Una giornata caratterizzata da interventi stimolanti e concreti, come i consigli di Gennaro Buono, miglior sommelier d’Italia nel 2012, su come creare una carta dei vini impeccabile, “un vestito sartoriale cucito su misura per ogni azienda”. Il bartender Patrizio Monsorno ha spiegato come creare un drink che sprigioni il profumo del territorio, mentre il critico gastronomico Luigi Cremona ha parlato di eleganza, ricerca ed estro creativo nella produzione e nel servizio dei formaggi a km zero. Giulia Sturz ha invece proposto dei break motori per il risveglio muscolare.

Tra i partecipanti al seminario l’albergatrice Stefania Zorzi: “La formazione è fondamentale nel nostro lavoro, così come è importante condividere momenti di confronto con gli altri operatori del territorio. Auspico che queste occasioni siano sempre più partecipate perché sono convinta che per andare lontano, anche in ambito turistico, sia necessario andare avanti insieme”.

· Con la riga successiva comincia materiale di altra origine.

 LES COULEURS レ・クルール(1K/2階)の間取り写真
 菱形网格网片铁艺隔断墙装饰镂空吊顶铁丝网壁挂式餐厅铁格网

Ed è proprio questo il senso di giornate come l’Hospitality Day, come sottolinea il presidente dell’ApT Fiemme e Cembra, Paolo Gilmozzi: “Il mercato è profondamente cambiato negli ultimi anni. Ciò ci mette di fronte a sfide inedite che possiamo affrontare esclusivamente attraverso una rete territoriale che punta alla qualità attraverso la formazione, imprescindibile, e la consapevolezza della propria identità. Momenti di incontro e confronto tra gli operatori ci permettono di guardare insieme al futuro, un futuro che ora ci proietta al 2026, ma che deve anche puntare oltre, sempre nel nome della qualità”.